Зато теперь ты можешь смотреть с этой горы — на другие, соседние горы, и вот они вроде как действительно прекрасны. И дело не только в том, что хорошо там, где нас нет. И не только в том, что в твоем взгляде на соседние горы есть, пусть в малой мере, искусство, а в твоем присутствии на горе его нет. Тут есть нечто третье, чему нет названия, даже если это название давно придумано и хорошо придумано. Чувство и обратимость его, вероятно, едины. И потому еще занятнее, если с этой горы, на которую влез, можно смотреть вниз, в долину и увидеть там нитку железной дороги и последний вагон тянущегося поезда, — увидеть и думать, что гора это гора, а вот хорошо бы сейчас пересекать пространство, колеса постукивают, ты с книжечкой лежишь на верхней, и, может быть, в соседнем купе поют женщины, проводница опрятна и несет чай.
А рассказ начинался так — две девчонки, молодые женщины, шли, как они говорили, на хату к парням; вечер намечался в узком и как бы классическом плане: два на два в отдельной квартире.

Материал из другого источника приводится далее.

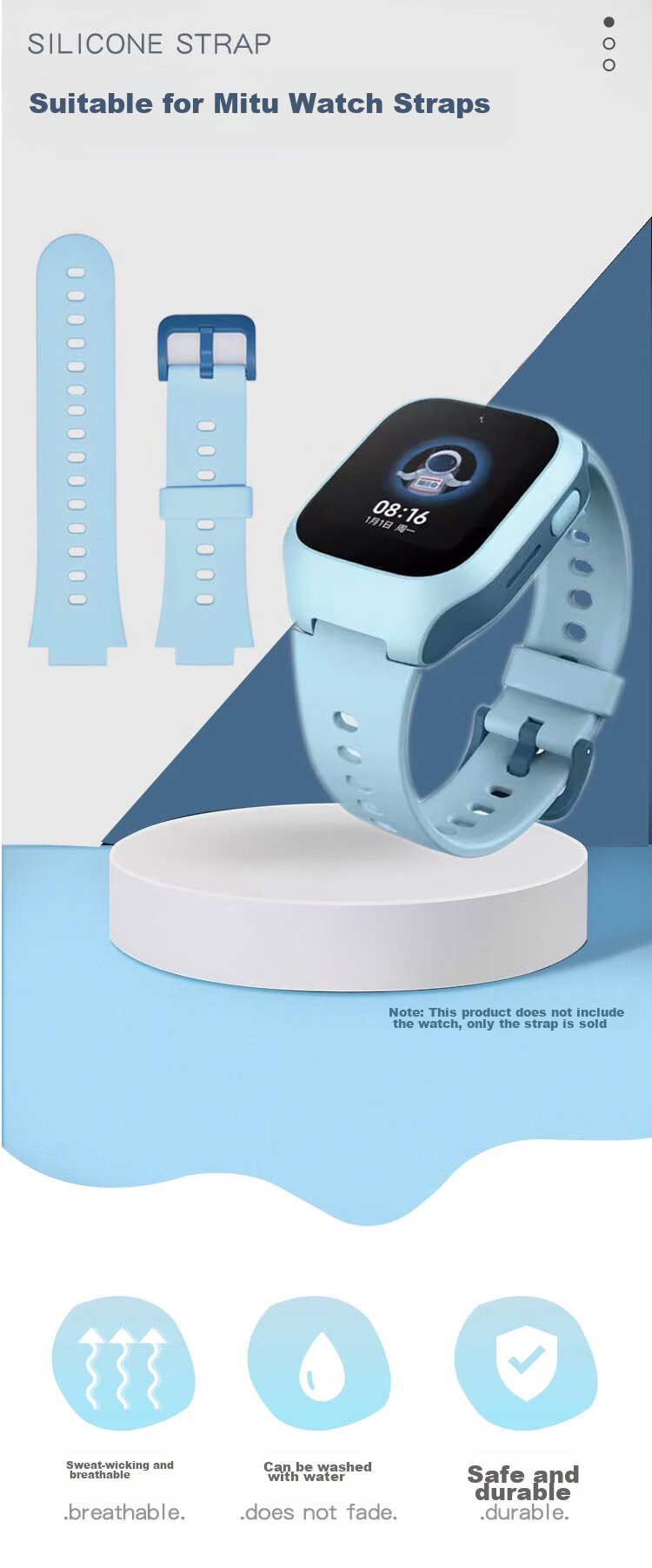 MAIKUQI Compatible with Xiaomi Mi Bunny 5C Children's Smartwatch Strap, Mi Bunny Children's Watch Strap Accessory, Waterproof Sweat-Resistant Detachable Silicone Strap for Boys And Girls, Universal Style, Blue 1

В повестях тех лет такая сцена бывала вроде как обязательной; такая сцена манила. Такую сцену ждали заранее и провидели ее издали и загодя, как провидят приближение поезда, который появился и мелькнул внизу, в долине и вот-вот возникнет вновь из-за горы. Была и причина ожидания: в те времена свободные отдельные квартиры появлялись на страницах повестей, как и в быту, впервые, и, скажем, Бахтин назвал бы это изменением хронотопа прозы. Пустовавшая по той или иной причине чья-то квартира стала доступным и вполне возможным местом действия; это не пришло вдруг, и тут была своя постепенность. Квартира появлялась и оправданно и случайно: родители, к примеру, уехали в отпуск. Потом свободнее и шире: к примеру, квартира приятеля или старшего брата, который, швырнув звонкую связку ключей, уехал на год-два тянуть газопровод в Индии. Потом пояснений уже не требовалось: просто квартира без хозяина, зато с холодильником и с магнитофоном, а каким образом она опустела и стала местом действия, оправдывать уже не приходилось — мало ли как. Читатель уже верил. Дело стало обычным.

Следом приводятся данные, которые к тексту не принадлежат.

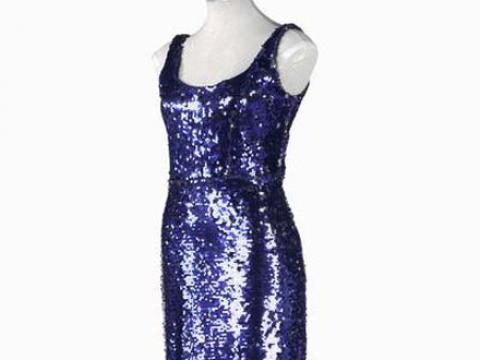 Blue-sequinned dress worn in the film The Sapphires on a mannequin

В общем, они ехали «на хату»; звали их Женька и Валька, а ехали они к Сережке и Кольке. Более миловидная Женька ехала к ним впервые и потому интересовалась:
— … Значит, Сережка кто — студент? А Колька постарше?
Валька отвечала, что нет — все, мол, мы примерно одногодки.
— А то я раз была в стариковской компании, — ничего были, вежливые, лет под пятьдесят. Но на морду, конечно, крокодилы… Я так испугалась, что не стала вторую рюмку пить, — и тут Женька захихикала, — а то, бывает, какой-то допинг в вино незаметно вливают.
— Допинг? Что это?
— Не знаю. Что-то такое.
— А-а…
В троллейбусе, в тесноте и давке к ним пристал пьяный. Гордая Женька выставила локти вперед и молчала, смотрела уничтожающе, а Валька, понимавшая мир проще, замахнулась на него сумочкой и крикнула: «Ну ты!.. Подрасти сначала. Метр с кепкой!» — из троллейбуса они выскочили повеселевшие и смутно приготовившиеся к началу начал.
Они пришли. Они познакомились. Девушек ждали. Музыка ревела вовсю.